The Google Street View program has been controversial in many nations after user data was collected without public knowledge or permission from 2007 to 2010.

Google's Street View project now covers 50 nations around the world, providing images taken by Street View vehicles that are driven up and down countless thousands of miles of local streets as part of the company's global mapping efforts.

Two countries, Hungary and the Kingdom of Lesotho in Africa, are the latest being added to the growing project, according to an April 23 post by Ulf Spitzer, program manager of Google Street View, on the Google Lat Long Blog.

"Whether you're planning a summer vacation to visit the Colosseum or exploring potential neighborhoods for your next move, Street View gives you instant access to the places you want to see—even before you leave the house," wrote Spitzer.

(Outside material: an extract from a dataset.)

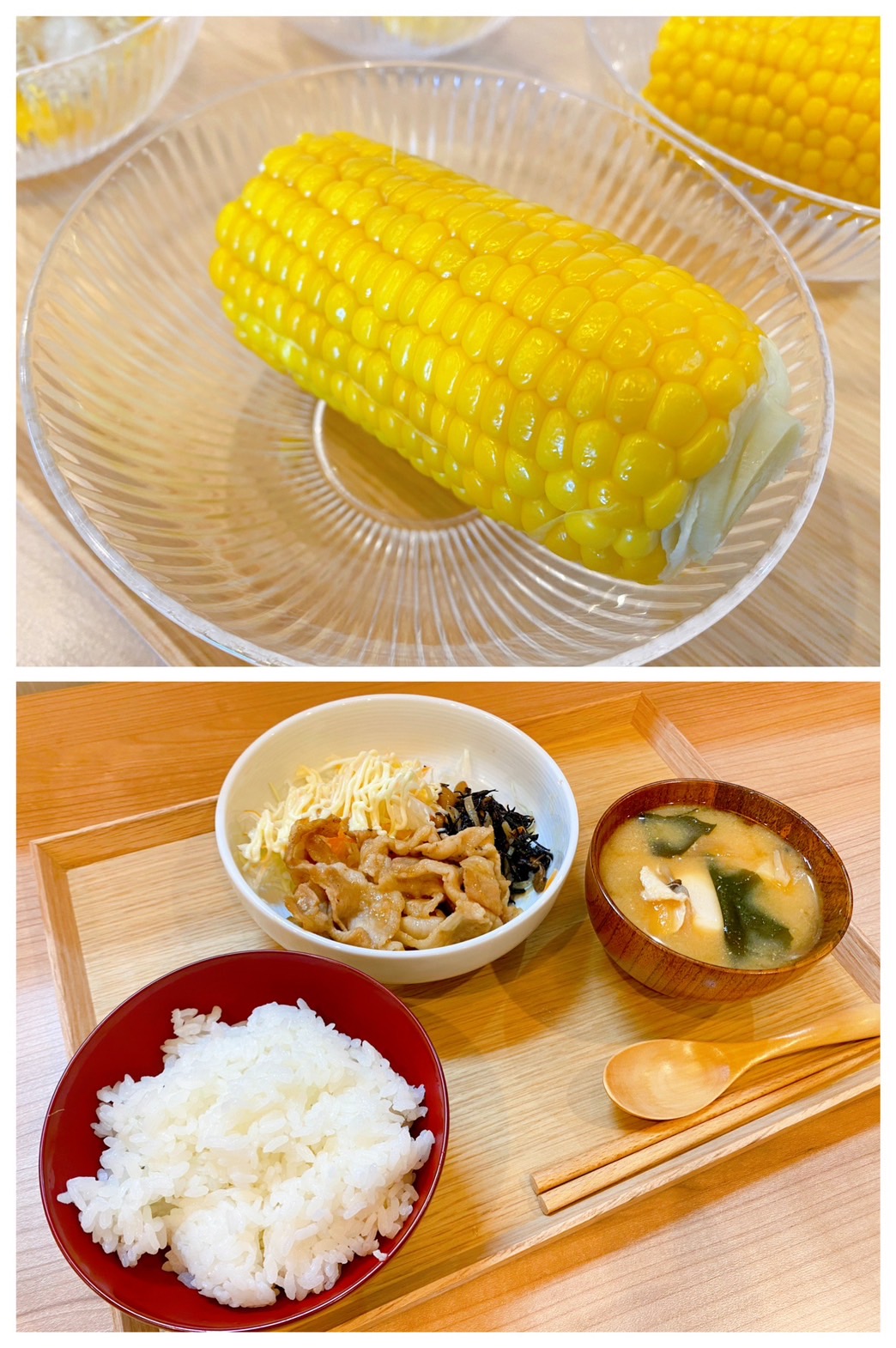 【都筑校】とうもろこし、豚の生姜焼き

"Today, we've reached 50 countries with the launch of Street View in Hungary and Lesotho and are significantly expanding our coverage in Poland and Romania, among other locations around the world. This is also the largest single update of Street View imagery we've ever pushed, including new and updated imagery for nearly 350,000 miles of roads across 14 countries."

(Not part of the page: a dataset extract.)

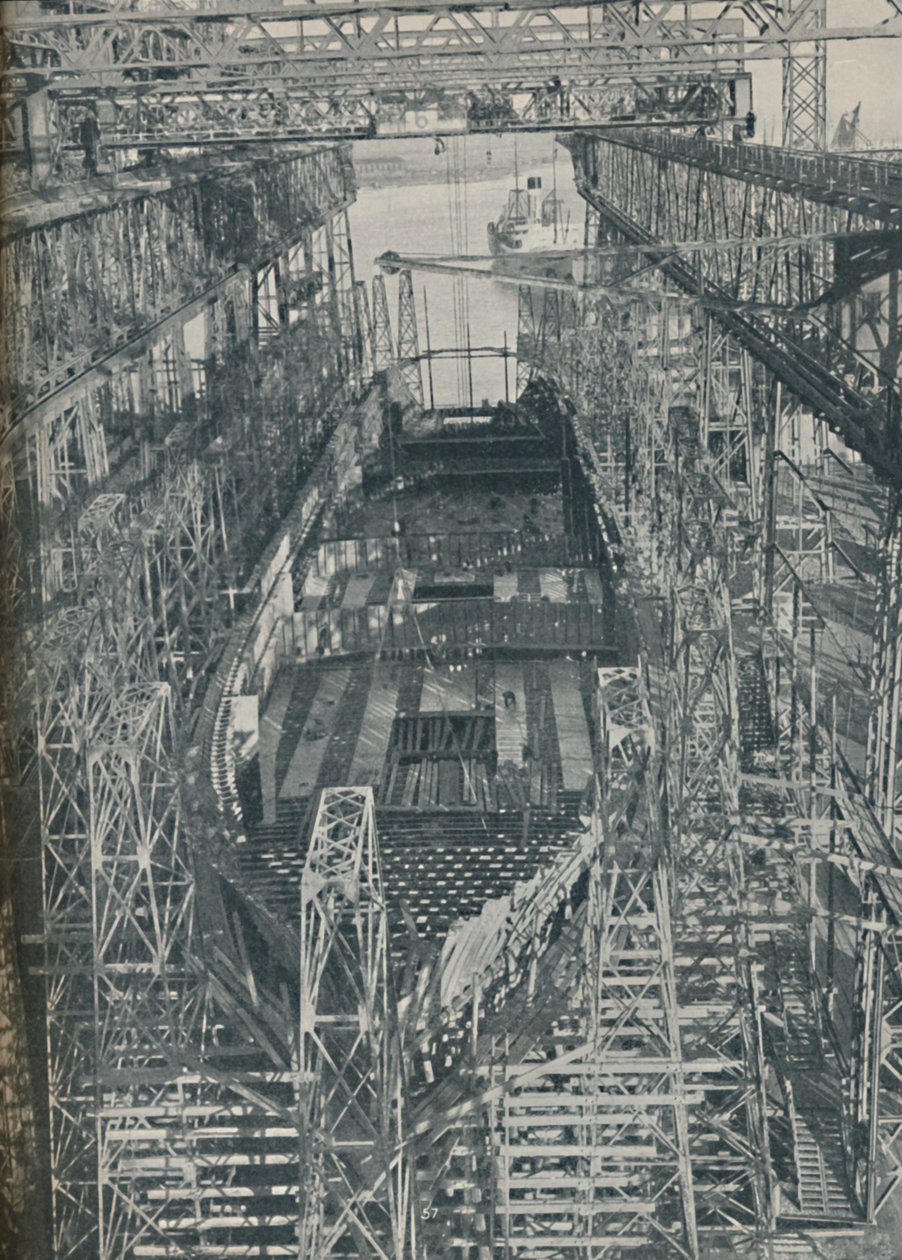 Et reir av stål. Cunard White Star rutebåt Georgic i konstruksjon, 1927-1929, 1936 av Unbekannt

For map lovers, Internet users and others, the project is a great resource for information, fascinating photographs of places away from home and a portal into life in other places.

But the 50-nation milestone being celebrated by Google is not without controversy. In many nations around the world, including the United States and a host of nations in Europe, government officials have been taking Google to task over Street View data collection efforts that the countries say were too invasive and violated some of their privacy laws.

Just this week, privacy regulators in Germany levied an $189,167 fine against Google to punish the company for not giving notice that it would be collecting user data as well as images using the Street View vehicle fleet after it began in 2007.

Charles King, principal analyst with Pund-IT, told eWEEK in an interview that running into stricter laws in foreign nations is a fact of life that many companies eventually learn. "It's a fair point to bring up," said King. "The one caveat I'd have is that the trouble Google has been running into in Germany and elsewhere is actually fairly common in enterprises that work on a global basis. They should have known going into Germany, which is one of the strictest countries in Europe in terms of privacy law, that running around taking pictures using cars could get them in hot water."

The Street View program came under scrutiny both in the United States and in Europe after it was learned that Google was gathering the information street-by-street between 2007 and 2010, according to an earlier eWEEK report.

Google didn't just collect photos of houses and businesses; it also intercepted data from WiFi modem transmissions that included personal data such as passwords, emails, text messages, users' Internet usage histories as well as other WiFi information. According to a 2012 report from the U.S. Federal Communications Commission, the Street View vehicles had collected more than 200GB of such payload data.